You might ask yourself, hey, haven’t these kids gotten the message that injecting yourself with steroids is illegal, that the muscle mass you get today is outweighted by the small sexual organs and back acne you’ll have tomorrow, and that someday someone is going to expose you as a falsely built, performance-enhancing drug freak?
Well, they have, but they also get the message that bigger is better if you want playing time and a college scholarship, that you’re going to get the girl if you have muscles, and that the coach doesn’t know what you don’t tell him — and he won’t ask. So, there are always going to be some high school athletes, in the throes of their body-issue years, who have the will and the money to try out steroids.
In that case, then, you might ask, whatever happened to steroid testing of high school athletes? Well, it’s pretty much dead on any large scale, a victim of high expense and ineffectiveness, a deadly combination for states and public schools trying to find quick, easy ways to save money in tight economic times. Here are details from a January 2011 story in the Press of Atlantic City, N.J., about the problems with a New Jersey steroid-testing plan that spent $400,000 to test 2,000 athletes to find one positive result.
Two other states — Texas and Florida — have tested high school athletes with similar results.New Jersey is still testing athletes. So is my home state of Illinois, though it’s being carried by the state’s high school athletic association on its own after a state legislative mandate expired.
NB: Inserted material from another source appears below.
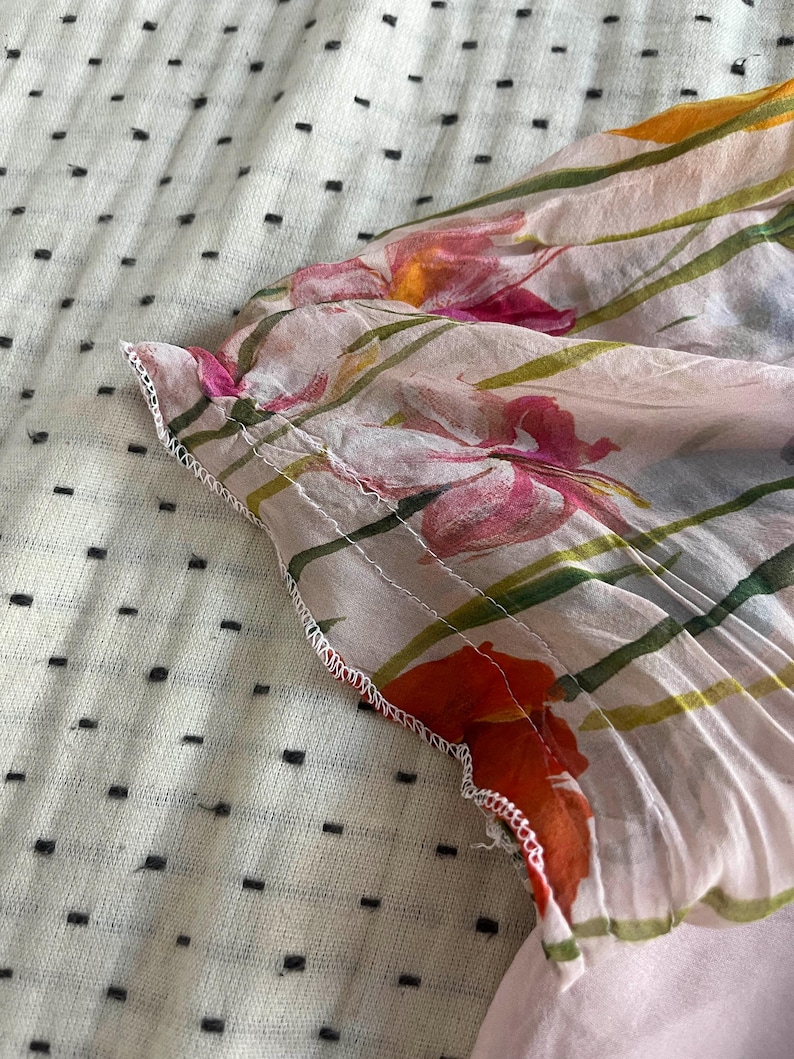 Puede incluir: Primer plano de una tela rosa transparente con estampado floral. La tela tiene un ribete blanco y est&aacute; doblada sobre s&iacute; misma. El estampado floral presenta colores rosa, naranja y verde.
And that’s it for statewide steroid testing of prep jocks.
In Texas, nearly 50,000 tests since February 2008 have found about 20 confirmed cases of steroid use. The program began in 2007 with a $3 million annual budget but since has been reduced to $1 million and was almost eliminated completely this year due to the state’s budget crisis.
In Florida, only one of 600 students tested positive in 2008. The state ended its testing program in 2009.
I wouldn’t expect Ohio to jump on the testing bandwagon after this bust, though I’m sure there will — and should — be plenty of hand-wringing over what’s going on with steroids and school sports. However, that discussion may dissipate as soon as names are attached to the pro athletes alleged to be involved in the recently busted ring.